DATA FOR THIS TASK |
☆ ☆ ☆ ☆ ☆ ☆ ☆

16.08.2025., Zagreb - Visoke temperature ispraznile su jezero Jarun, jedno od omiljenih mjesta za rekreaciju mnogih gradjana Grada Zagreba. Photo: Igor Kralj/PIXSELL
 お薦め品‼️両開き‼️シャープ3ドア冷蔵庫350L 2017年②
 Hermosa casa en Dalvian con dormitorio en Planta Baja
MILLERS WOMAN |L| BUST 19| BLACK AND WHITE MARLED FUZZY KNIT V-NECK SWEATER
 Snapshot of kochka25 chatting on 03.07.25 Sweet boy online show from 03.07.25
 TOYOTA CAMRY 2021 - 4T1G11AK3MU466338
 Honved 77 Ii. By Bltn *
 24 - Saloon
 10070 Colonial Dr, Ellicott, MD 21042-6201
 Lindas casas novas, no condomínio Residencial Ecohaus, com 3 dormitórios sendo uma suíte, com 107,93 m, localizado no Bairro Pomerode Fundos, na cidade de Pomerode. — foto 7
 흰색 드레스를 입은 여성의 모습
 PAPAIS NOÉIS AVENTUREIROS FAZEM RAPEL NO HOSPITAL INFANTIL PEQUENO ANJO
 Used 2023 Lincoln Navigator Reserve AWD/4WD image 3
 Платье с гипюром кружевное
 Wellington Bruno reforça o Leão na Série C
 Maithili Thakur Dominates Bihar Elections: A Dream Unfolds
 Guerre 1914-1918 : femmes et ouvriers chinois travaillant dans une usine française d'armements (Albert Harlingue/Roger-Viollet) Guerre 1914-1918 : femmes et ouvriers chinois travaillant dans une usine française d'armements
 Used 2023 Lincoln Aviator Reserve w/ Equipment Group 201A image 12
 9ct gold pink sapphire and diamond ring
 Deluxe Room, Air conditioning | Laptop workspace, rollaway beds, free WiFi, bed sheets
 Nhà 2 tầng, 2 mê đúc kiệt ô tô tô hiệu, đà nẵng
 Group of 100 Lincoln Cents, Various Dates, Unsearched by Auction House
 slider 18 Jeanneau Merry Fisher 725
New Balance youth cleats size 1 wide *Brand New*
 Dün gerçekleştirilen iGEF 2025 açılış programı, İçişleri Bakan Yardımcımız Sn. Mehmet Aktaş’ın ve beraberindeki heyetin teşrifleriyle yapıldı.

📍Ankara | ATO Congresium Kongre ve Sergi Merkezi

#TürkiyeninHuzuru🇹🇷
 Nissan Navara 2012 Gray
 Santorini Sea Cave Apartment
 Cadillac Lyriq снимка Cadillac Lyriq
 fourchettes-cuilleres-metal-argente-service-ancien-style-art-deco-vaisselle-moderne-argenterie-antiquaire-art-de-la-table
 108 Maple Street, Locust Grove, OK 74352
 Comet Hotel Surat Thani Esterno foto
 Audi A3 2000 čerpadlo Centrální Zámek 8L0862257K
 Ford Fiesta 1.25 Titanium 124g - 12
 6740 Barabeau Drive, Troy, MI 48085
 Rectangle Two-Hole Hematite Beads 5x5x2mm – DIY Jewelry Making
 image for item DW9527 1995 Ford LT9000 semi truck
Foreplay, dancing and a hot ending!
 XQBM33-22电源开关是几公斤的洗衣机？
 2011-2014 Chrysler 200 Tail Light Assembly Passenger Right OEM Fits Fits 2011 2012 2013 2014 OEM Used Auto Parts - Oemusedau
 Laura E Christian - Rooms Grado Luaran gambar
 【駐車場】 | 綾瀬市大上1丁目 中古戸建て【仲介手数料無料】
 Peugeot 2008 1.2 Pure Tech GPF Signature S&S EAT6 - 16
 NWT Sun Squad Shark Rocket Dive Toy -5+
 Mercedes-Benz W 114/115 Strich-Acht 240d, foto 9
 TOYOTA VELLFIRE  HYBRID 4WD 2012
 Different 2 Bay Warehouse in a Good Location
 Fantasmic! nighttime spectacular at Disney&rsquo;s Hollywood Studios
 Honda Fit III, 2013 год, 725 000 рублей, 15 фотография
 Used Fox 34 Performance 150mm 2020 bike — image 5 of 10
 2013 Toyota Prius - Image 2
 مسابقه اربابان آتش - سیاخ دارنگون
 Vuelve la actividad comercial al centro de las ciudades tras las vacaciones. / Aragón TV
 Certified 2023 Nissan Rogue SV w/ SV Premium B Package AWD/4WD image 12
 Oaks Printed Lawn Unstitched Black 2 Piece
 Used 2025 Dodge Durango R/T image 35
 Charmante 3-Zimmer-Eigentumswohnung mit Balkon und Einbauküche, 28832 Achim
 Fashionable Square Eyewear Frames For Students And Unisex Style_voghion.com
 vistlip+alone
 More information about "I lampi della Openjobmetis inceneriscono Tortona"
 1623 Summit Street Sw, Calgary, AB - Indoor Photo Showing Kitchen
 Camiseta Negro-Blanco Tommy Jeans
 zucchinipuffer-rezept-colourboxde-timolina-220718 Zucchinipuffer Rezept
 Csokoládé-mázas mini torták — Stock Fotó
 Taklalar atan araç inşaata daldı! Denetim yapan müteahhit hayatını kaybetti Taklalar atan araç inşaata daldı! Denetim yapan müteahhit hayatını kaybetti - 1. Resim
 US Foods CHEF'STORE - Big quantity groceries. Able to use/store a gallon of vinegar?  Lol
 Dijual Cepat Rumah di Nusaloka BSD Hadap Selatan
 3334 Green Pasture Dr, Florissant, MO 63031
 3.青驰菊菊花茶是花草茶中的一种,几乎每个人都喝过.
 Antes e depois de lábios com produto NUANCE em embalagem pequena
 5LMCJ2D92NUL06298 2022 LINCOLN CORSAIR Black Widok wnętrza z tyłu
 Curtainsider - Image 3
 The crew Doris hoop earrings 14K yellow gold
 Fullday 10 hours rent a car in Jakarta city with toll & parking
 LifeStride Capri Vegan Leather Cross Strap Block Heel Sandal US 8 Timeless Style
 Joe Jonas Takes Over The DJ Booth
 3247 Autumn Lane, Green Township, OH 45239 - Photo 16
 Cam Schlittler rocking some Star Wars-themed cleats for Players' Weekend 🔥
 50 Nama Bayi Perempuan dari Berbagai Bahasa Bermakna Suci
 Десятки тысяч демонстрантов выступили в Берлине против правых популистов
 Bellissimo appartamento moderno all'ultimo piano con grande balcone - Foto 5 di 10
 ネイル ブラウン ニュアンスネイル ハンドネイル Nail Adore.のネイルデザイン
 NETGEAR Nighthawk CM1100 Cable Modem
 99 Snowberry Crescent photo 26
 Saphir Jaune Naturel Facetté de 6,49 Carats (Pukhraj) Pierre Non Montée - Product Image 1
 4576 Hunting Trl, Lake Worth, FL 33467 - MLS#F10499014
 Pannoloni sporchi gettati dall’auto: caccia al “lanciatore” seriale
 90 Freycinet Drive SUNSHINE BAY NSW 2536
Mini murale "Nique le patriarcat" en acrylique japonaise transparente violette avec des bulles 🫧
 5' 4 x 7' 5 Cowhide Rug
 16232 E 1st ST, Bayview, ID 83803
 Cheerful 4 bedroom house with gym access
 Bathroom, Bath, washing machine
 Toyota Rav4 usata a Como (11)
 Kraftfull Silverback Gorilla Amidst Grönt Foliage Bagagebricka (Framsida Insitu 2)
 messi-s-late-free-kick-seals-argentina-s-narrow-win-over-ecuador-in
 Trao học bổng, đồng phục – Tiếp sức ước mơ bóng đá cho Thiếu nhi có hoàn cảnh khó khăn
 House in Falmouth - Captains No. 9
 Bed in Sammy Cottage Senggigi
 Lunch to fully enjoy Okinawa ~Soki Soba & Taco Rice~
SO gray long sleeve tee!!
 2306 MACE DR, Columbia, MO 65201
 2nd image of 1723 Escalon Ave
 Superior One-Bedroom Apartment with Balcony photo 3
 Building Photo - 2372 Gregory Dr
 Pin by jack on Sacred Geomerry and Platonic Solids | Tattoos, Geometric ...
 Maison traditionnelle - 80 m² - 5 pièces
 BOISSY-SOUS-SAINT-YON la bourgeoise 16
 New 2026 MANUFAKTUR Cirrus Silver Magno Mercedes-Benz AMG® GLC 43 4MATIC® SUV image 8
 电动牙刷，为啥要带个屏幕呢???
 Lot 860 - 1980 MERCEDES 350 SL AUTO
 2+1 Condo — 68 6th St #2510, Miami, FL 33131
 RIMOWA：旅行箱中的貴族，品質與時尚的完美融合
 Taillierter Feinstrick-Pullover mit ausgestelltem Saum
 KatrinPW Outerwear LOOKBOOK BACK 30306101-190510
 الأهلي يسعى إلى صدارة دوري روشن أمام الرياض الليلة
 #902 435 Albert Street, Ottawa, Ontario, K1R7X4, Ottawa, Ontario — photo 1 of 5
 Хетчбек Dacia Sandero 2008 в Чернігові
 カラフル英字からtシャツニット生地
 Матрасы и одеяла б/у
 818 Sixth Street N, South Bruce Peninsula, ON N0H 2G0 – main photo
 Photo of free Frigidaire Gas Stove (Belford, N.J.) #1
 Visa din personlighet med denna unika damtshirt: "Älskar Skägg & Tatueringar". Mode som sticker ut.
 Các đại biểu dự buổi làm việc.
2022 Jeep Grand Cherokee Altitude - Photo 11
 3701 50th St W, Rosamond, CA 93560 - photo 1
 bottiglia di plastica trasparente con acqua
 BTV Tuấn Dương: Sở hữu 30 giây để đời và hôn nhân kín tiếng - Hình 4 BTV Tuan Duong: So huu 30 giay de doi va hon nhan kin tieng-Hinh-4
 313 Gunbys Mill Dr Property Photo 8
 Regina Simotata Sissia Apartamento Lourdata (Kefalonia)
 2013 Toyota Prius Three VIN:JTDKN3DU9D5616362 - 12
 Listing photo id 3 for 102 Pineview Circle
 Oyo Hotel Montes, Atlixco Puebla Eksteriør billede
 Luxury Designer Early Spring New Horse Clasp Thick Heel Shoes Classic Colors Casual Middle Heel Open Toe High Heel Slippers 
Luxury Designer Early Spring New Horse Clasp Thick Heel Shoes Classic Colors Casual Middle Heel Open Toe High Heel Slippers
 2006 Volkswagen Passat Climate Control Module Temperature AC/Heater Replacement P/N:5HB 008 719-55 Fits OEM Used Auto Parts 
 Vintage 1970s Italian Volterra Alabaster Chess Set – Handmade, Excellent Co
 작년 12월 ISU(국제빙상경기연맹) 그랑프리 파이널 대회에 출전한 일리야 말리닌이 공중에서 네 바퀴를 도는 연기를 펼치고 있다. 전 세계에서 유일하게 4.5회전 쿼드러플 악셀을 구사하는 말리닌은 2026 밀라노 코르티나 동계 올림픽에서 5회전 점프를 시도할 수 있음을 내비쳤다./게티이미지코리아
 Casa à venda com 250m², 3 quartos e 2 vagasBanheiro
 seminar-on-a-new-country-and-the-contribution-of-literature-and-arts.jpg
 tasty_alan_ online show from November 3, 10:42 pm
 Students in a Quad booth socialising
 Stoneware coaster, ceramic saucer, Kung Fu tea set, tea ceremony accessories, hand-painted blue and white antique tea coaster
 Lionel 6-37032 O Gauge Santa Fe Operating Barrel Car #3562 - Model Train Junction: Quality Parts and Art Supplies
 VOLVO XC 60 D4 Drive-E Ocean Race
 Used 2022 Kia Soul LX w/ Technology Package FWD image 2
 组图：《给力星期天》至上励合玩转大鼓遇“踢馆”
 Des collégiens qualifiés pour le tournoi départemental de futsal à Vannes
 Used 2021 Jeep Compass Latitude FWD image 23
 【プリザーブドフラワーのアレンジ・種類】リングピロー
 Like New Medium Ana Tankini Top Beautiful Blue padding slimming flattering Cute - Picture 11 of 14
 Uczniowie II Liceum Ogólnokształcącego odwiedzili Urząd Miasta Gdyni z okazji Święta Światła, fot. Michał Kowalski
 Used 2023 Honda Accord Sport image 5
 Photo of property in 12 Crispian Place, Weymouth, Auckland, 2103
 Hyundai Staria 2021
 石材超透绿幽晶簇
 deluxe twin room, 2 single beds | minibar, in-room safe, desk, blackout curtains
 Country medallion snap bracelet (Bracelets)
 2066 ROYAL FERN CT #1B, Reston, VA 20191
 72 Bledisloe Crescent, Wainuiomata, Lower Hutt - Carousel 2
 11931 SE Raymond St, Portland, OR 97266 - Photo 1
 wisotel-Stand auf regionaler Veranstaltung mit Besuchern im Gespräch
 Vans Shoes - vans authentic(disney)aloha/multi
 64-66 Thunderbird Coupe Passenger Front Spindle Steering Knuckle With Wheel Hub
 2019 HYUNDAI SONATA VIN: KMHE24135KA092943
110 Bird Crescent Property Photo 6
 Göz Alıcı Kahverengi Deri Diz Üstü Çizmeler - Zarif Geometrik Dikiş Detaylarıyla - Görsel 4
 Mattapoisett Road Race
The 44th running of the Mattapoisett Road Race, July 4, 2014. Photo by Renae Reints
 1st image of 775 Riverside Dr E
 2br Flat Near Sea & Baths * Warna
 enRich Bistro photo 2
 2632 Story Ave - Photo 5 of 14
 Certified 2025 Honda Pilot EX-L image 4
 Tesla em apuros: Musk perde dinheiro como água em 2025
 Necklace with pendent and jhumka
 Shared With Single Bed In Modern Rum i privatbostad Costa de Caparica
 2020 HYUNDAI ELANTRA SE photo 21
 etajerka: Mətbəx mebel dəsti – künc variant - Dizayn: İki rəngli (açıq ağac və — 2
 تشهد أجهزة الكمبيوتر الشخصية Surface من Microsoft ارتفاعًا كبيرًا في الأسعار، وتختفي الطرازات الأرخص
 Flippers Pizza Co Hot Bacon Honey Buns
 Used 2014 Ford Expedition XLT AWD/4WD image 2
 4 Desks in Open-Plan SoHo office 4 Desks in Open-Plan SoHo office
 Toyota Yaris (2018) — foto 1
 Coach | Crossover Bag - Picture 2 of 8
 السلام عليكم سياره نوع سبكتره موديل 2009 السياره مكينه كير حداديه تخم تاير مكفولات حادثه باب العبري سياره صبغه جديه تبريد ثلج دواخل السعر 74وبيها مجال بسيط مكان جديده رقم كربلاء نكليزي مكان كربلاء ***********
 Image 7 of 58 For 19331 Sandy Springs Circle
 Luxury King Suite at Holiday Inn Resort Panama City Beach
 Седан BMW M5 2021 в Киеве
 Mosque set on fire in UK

☆ ☆ ☆ ☆ ☆ ☆ ☆

PROBLEM DETAILS | Please return the lines above that run from the line containing "kaybetti - 1. Resim" to the line containing "ネイル ブラウン ニュアンスネイル ハンドネイル Nail Adore.のネイルデザイン", inclusive, exactly and with no other lines.

WRITTEN SOLUTION |
 Taklalar atan araç inşaata daldı! Denetim yapan müteahhit hayatını kaybetti Taklalar atan araç inşaata daldı! Denetim yapan müteahhit hayatını kaybetti - 1. Resim
 US Foods CHEF'STORE - Big quantity groceries. Able to use/store a gallon of vinegar?  Lol
 Dijual Cepat Rumah di Nusaloka BSD Hadap Selatan
 3334 Green Pasture Dr, Florissant, MO 63031
 3.青驰菊菊花茶是花草茶中的一种,几乎每个人都喝过.
 Antes e depois de lábios com produto NUANCE em embalagem pequena
 5LMCJ2D92NUL06298 2022 LINCOLN CORSAIR Black Widok wnętrza z tyłu
 Curtainsider - Image 3
 The crew Doris hoop earrings 14K yellow gold
 Fullday 10 hours rent a car in Jakarta city with toll & parking
 LifeStride Capri Vegan Leather Cross Strap Block Heel Sandal US 8 Timeless Style
 Joe Jonas Takes Over The DJ Booth
 3247 Autumn Lane, Green Township, OH 45239 - Photo 16
 Cam Schlittler rocking some Star Wars-themed cleats for Players' Weekend 🔥
 50 Nama Bayi Perempuan dari Berbagai Bahasa Bermakna Suci
 Десятки тысяч демонстрантов выступили в Берлине против правых популистов
 Bellissimo appartamento moderno all'ultimo piano con grande balcone - Foto 5 di 10
 ネイル ブラウン ニュアンスネイル ハンドネイル Nail Adore.のネイルデザイン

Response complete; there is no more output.